Why? “If you cool the berries before crushing then you catch the good elements, but if you crush before [cooling], then you catch green phenolics,” he said.
This is then followed by a cold soak for seven days, which sees the colour and tannins slowly leach into the must. “It is by natural osmotic pressure, there is no temperature and no work – no punching [down] – it is all very soft,” he said.
“This is how you catch beautiful phenolics, which in Champagne are difficult to catch, even if you do beautiful farming,” he then stated.
But Lécaillon is not the only cellar master in Champagne to be promoting the beneficial nature of phenolics in sparkling wine, while questioning the belief that high-acid berries are needed for refreshing fizz.
Indeed, at the launch of Dom Pérignon 2015 earlier this year, the prestige cuvée’s cellar master Vincent Chaperon stressed that riper berries can bring about refreshing and long-lived Champagnes due to the quantity and quality of phenolics such grapes can produce.
Looking back to the heatwave harvest of 2003, he said that during, and since that vintage, Dom Pérignon has “made a lot of work on the management of phenolics, not just in terms of the date of picking, but the way of picking, as well as pressing and settling [of the grape must].”
That “management” has concerned employing a higher level of riper phenolics in the wines to give “freshness and vibrancy”, with “bitterness and acidity playing together to bring a sensation of freshness which is very complex,” he said, before stating, “Freshness and vibrancy are conditions we need to be able to show in Champagne whatever the conditions”.
More generally, he observed a shift in mindset in Champagne. “15 to 20 years ago people were too focused on acidity in Champagne, but they have changed a lot,” he recorded. “They now understand there are other ways to bring freshness,” he continued, which he said have come about with the “technical” advancements in the region, both in terms of viticulture and winemaking.
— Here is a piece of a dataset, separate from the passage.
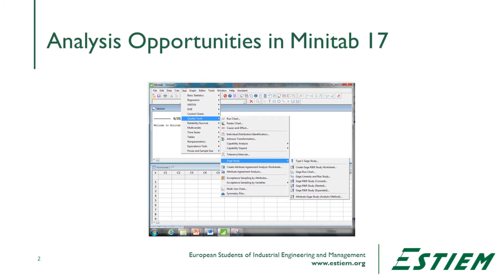In Minitab 17, there are a number of different capabilities — much more than we would normally talk about. The function we're going to typically use is the Gauge R&R study crossed. We'll find this under Statistics, then Quality Tools, then Gauge Study, and then Gauge R&R Crossed.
And such progress is continuing, Chaperon told db, with his current focus on the “settling” of the grape juices before fermentation, a process which he said he was looking to extend in an attempt to increase the interaction between the liquid and suspended solids “to bring more density and structure to the wine”.
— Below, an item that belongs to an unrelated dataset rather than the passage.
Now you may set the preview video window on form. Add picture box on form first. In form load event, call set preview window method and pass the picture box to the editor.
Similar, during an exclusive interview with the drinks business last month, Moët & Chandon cellar master Benoît Gouez emphasised his work on extracting fine phenolics to bring a brightness to his Champagnes.
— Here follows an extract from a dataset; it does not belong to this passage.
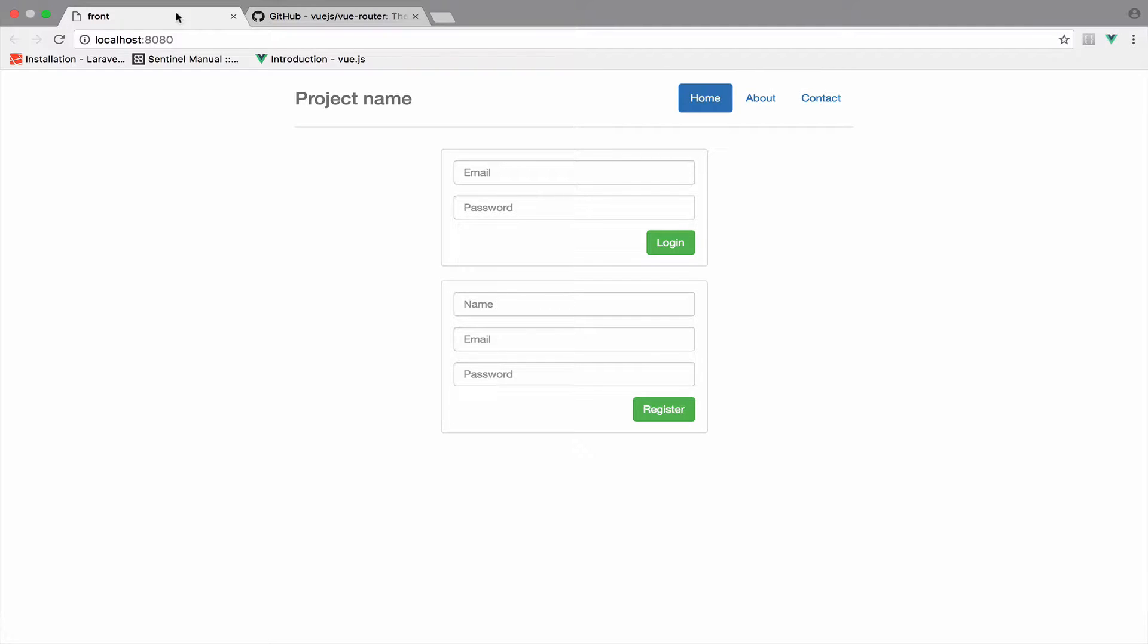So this is the result from the previous video. We do not have routing yet, and because of this I have login and register components as children of the app component.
“What we are looking for is freshness – and that is not just acidity; there is another element that we didn’t discuss 20 years ago – and coming into discussion today – and that is the bitterness,” he said.
“It is something new for Champagne: with maturation earlier in the season due to higher temperatures and higher levels of light, we are getting more aromas, more sugar and less acidity, which is for the better, because green Champagne doesn’t exist anymore.”
Nevertheless, the decline in natural acidity is encouraging producers like Gouez to better understand how to extract bitter phenolics, which he says are similar to the taste of grapefruit, rather than pea green.
“Like red wines have rustic and noble tannins, in Champagne we want noble tannins that give a sensation of freshness,” he said.